The back cover explains that it is a mystery told from the point of view of Gwenni Morgan, an imaginative 12 year old who lives in a sleepy Welsh town. I noticed that it was recommended by Catherine O'Flynn, author of What Was Lost, which I really enoyed and which also includes a child detective. The Earth Hums seemed to be highly rated by all the big newspapers. I had really high hopes and thought I might have discovered a real gem.
Unfortunately, I don't think it quite lived up to all this hype. The novel is readable but I was by no means blown away.
I don't want to give too many spoilers in case anyone does want to read it in spite of my neutral review, but the mystery story line mainly focuses on a local man who goes missing, his family who Gwenni is friendly with as the mum is her teacher and she babysits for their kids and it shows how other people in the town are involved in various ways. Gwenni's home life is also a big focus as well as her relationship with her best friend Alwenna, who is growing up more quickly than Gwenni and starts to grow apart from her. Towards the end of the book some more adult themes of mental illness get a lot of attention. I think the plot was fairly solid and it did hold my attention, although parts of it were a little slow moving towards the middle.

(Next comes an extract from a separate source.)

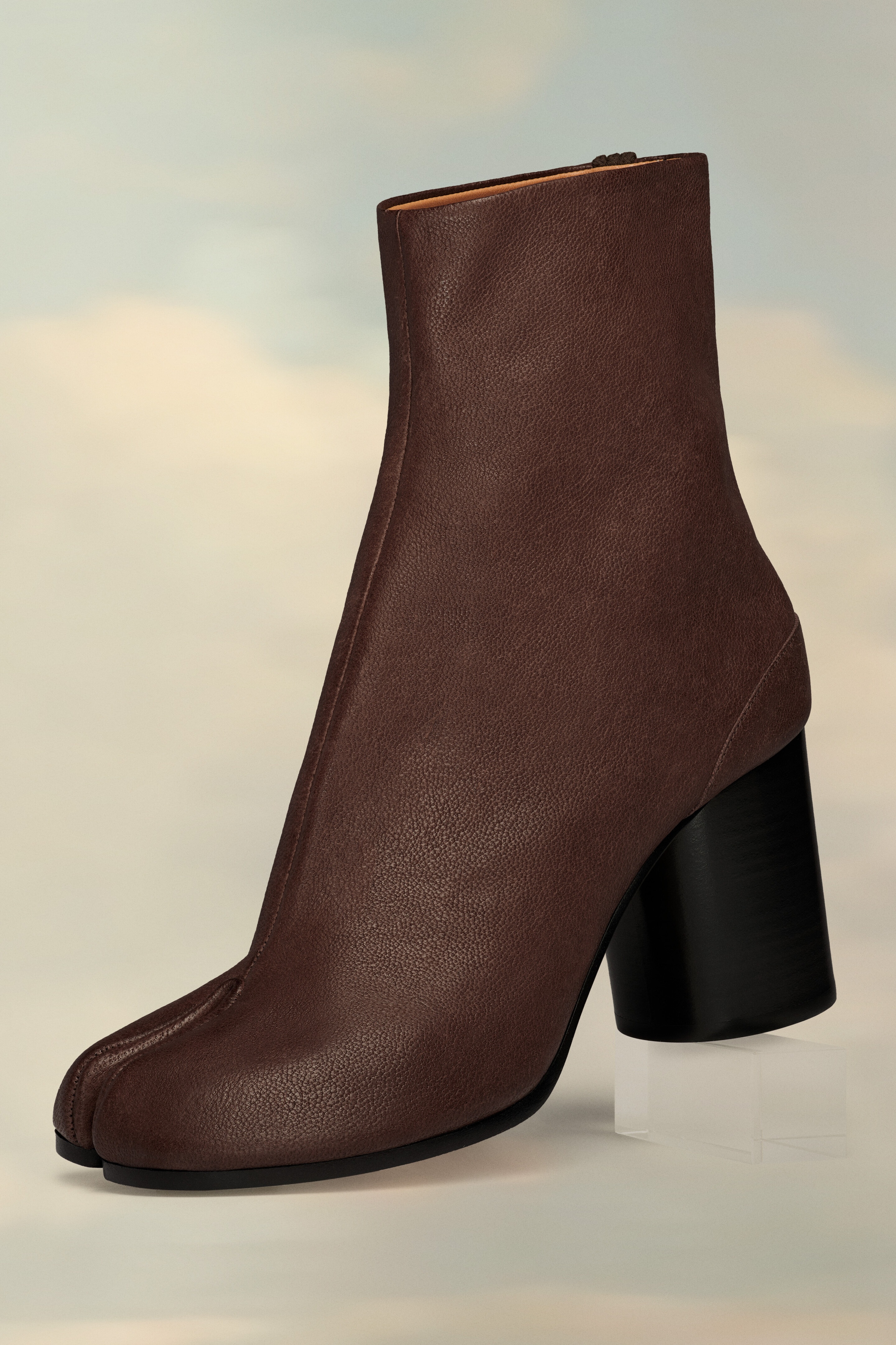 Tabi heeled boots - 1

My main gripe with this book was that some of the characters were not believeable. Gwenni is supposed to be 12 but I think it must have been a long time since the author was that age! I find it hard to believe that a 12 year old would be as naive as Gwenni is. She is very babyish in the way she acts, talks and thinks. I genuinely just found myself rolling my eyes at her constantly. She has no understanding of what is appropriate behaviour and she believes in things which a 12 year old wouldn't, for example she believes she can fly, that the jugs on the shelf at home are alive and watching her, that a neighbour's fox stole needs to be buried so that the fox's soul can go to heaven... She refuses to see the obvious when it is right in front of her and even though she wants to be a detective and constantly reads crime novels, she has a very simple and innocent view of everything. Even when the ugly truth about a crime is staring her in the face it does not occur to her that anything might be wrong. The reality is obvious to the reader from early on, but it is only confirmed at a late stage when Gwenni finally grasps it. I found myself sympathising with her mum, sister and best friend who wonder fairly often why Gwenni has to be so "odd". The Independent on Sunday described it as "authentically quirky" which I would really disagree with. Yes there is some quirkiness but it seems contrived.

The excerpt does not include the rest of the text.